Running a Scrapy spider in a GCP cloud function
What you’ve probably tried but didn’t work
Scrapy docs explains how to Run Scrapy from a script. My first try was to simply copy that code, and run it in a Cloud Functions.
from ... import MySpider
from scrapy.crawler import CrawlerProcess
from scrapy.utils.project import get_project_settings
def my_cloud_function(event, context):
process = CrawlerProcess(settings={
'FEED_FORMAT': 'json',
'FEED_URI': 'items.json'
})
process.crawl(MySpider)
process.start()
return 'ok'
This worked, but surprisingly only on the first execution of the each function instance. Starting the second invocation, I started seeing in the logs:
Function execution took 509 ms, finished with status: 'crash'
This is because my Cloud Function is not idempotent. Under the hood, Scrapy is using Twisted which sets up many global objects to power its events driven machinery.
When asked to run a Cloud Function, GCP will either create a new instance of your function (they call this a cold start), or reuse one of the instances it previously created.
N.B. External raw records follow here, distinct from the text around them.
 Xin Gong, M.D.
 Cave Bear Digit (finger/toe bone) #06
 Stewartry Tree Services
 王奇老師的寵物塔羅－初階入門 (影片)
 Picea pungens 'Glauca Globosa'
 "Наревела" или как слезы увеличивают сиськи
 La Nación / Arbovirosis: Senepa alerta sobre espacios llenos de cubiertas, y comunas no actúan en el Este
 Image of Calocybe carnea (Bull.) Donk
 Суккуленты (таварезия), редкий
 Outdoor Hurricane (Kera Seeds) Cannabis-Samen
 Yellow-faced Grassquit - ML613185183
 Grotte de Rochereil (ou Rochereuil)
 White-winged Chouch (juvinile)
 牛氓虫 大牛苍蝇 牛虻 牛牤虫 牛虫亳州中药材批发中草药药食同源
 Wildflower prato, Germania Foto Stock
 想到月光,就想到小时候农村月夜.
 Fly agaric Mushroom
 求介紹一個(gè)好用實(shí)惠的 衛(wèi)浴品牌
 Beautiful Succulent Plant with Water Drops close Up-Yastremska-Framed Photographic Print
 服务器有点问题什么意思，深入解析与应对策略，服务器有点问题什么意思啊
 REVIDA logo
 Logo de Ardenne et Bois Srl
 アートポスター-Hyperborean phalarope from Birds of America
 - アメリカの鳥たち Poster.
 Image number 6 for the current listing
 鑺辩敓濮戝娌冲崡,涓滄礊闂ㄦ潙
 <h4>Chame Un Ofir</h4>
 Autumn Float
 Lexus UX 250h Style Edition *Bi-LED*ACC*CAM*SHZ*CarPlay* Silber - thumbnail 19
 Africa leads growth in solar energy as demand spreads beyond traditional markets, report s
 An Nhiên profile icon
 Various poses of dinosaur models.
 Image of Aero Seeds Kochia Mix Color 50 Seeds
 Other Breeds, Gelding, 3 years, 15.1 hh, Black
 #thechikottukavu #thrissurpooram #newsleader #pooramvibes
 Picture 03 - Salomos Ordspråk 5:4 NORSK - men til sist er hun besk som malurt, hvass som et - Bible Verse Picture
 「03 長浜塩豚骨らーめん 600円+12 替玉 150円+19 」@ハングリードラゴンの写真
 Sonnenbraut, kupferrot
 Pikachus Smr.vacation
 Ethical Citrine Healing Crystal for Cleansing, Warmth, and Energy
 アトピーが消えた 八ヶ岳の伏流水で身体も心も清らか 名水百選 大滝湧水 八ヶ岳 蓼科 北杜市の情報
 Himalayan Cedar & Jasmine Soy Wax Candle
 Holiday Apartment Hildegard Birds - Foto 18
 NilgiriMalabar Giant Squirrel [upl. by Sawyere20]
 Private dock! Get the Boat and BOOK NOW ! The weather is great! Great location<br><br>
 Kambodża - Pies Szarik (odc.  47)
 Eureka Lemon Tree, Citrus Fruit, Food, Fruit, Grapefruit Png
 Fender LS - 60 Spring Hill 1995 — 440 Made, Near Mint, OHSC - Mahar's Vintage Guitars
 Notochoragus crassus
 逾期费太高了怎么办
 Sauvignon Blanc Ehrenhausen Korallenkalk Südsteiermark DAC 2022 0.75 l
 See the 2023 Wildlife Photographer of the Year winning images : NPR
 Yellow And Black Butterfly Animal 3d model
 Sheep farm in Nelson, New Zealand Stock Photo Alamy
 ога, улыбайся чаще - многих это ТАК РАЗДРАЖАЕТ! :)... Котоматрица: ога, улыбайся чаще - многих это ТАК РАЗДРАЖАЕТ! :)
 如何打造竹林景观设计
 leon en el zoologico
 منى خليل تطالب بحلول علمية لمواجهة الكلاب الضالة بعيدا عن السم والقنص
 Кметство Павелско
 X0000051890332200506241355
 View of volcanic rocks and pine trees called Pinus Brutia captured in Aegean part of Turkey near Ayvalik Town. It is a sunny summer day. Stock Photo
Therefore it’s very important for your function to be idempotent.
My Cloud Function here cannot run twice, and you can see this even on your local environment:
my_cloud_function(None, None)
my_cloud_function(None, None)
The solution: wrapping Scrapy in its own child process
from multiprocessing import Process, Queue
from ... import MySpider
from scrapy.crawler import CrawlerProcess
from scrapy.utils.project import get_project_settings
def my_cloud_function(event, context):
def script(queue):
try:
settings = get_project_settings()
settings.setdict({
'LOG_LEVEL': 'ERROR',
'LOG_ENABLED': True,
})
process = CrawlerProcess(settings)
process.crawl(MySpider)
process.start()
queue.put(None)
except Exception as e:
queue.put(e)
queue = Queue()
# wrap the spider in a child process
main_process = Process(target=script, args=(queue,))
main_process.start() # start the process
main_process.join() # block until the spider finishes
result = queue.get() # check the process did not return an error
if result is not None:
raise result
return 'ok'
Again you can check this works locally by calling your function twice in a row.